Setup a distributed tracing infrastructure with Zipkin, Kafka and Cassandra

Published in

Oracle Developers

9 min readFeb 27, 2018

For a master table-of-contents for blog posts on microservice topics, please refer — https://medium.com/oracledevs/bunch-of-microservices-related-blogs-57b5f1f062e5

This blog will demonstrate how you can set up a scalable distributed tracing infrastructure on Oracle Cloud

One of my earlier blogs showcased a simple example of distributed tracing for microservices (based on Spring Boot) using an example revolving around Spring Cloud Sleuth and Zipkin

Distributed tracing for microservices on Oracle Cloud with Spring Cloud Sleuth and Zipkin

medium.com

There are couple of key points which need to be highlighted with regards to the default behavior of the system

Sending data to Zipkin — Spring Cloud Sleuth sends spans/trace data to Zipkin over HTTP
Persisting the trace data — Zipkin stores span data in-memory

This is obviously not a bullet-proof solution

Single point of failure — Since Zipkin is core component of our distributed tracing solution, it also has the potential of becoming a bottleneck both from an availability and performance standpoint
Ephemeral storage — since Zipkin stores span data in-memory, it will be lost if the Zipkin instance restarts or crashes

Although nothing is perfect, this situation can be improved.
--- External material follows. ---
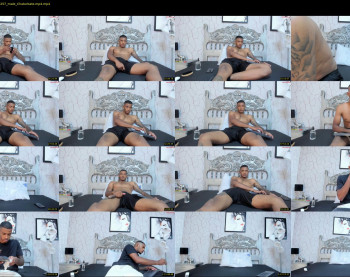 jackmacson — 92 minute Chaturbate male naked cam show, 720p, Jan 13, 2025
Here is an overview of what this blog will demonstrate in terms of the solution

Zipkin runtime — we will continue to use Oracle Application Container Cloud as the runtime for the Zipkin server
Cassandra for persistent storage — Oracle Data Hub Cloud is a managed Cassandra offering which we will use as the NoSQL persistent store for Zipkin
Kafka as the message bus — Oracle Event Hub Cloud is a managed Kafka service which will be leveraged in order to decouple Spring Cloud Sleuth from Zipkin

Time to dive deeper… !

Use case overview

The use case is still the same as the earlier blog i.e. distributed tracing. But this particular blog is focused on the infrastructure side of things, hence the sample itself is very simple — so all we have is a single Spring Boot app (named inventory) to test things out (as opposed to a couple of microservices which were used as an example to illustrate the concepts in the earlier blog post)
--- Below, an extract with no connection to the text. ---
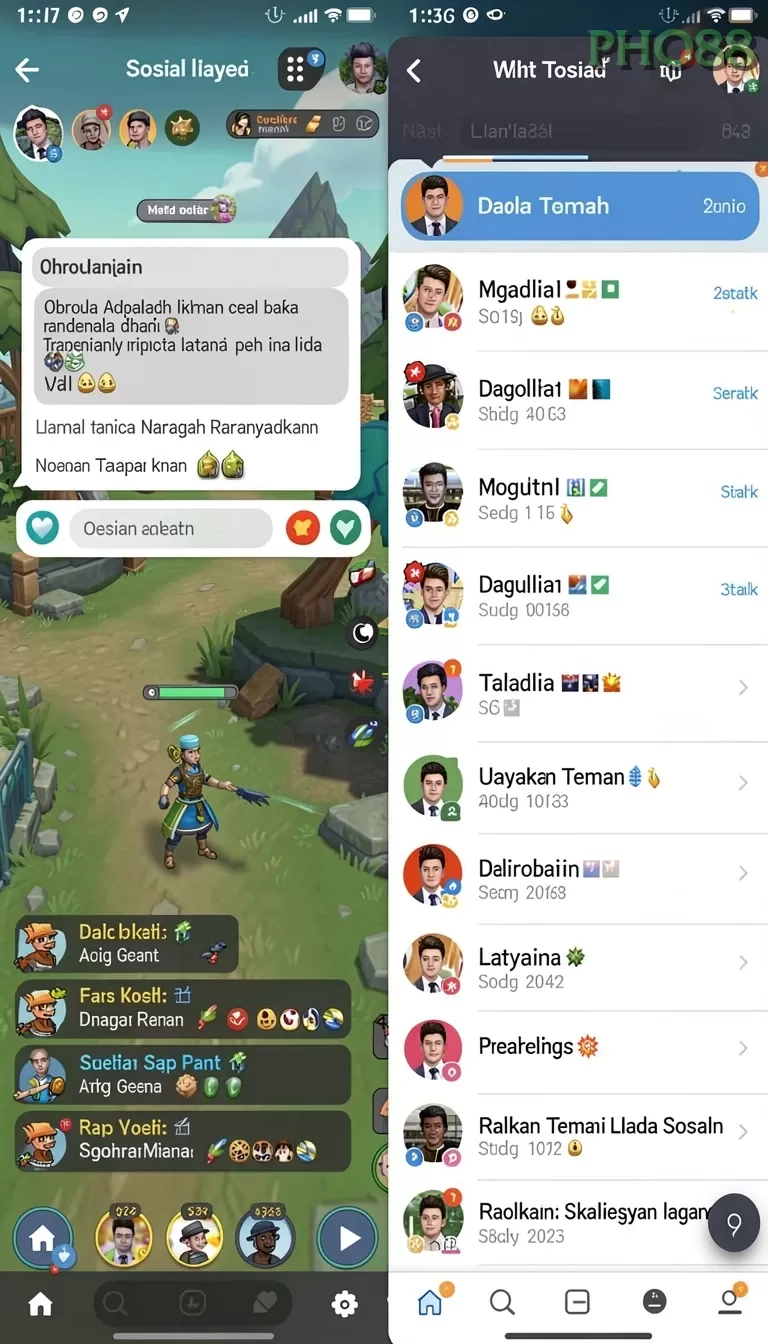 Screenshot Zhong Kui nomor 2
Here is the high level flow

the inventory app sends span data to Kafka..
… which is (asynchronously) consumed by Zipkin and persisted to Cassandra

The key focus is on

revamping the Zipin server to communicate to Kafka and Cassandra on Oracle Cloud
updating the inventory service to talk to Kafka rather than interface directly with Zipkin

Architecture components

Here is a diagram to give you a high level idea of what the architecture is..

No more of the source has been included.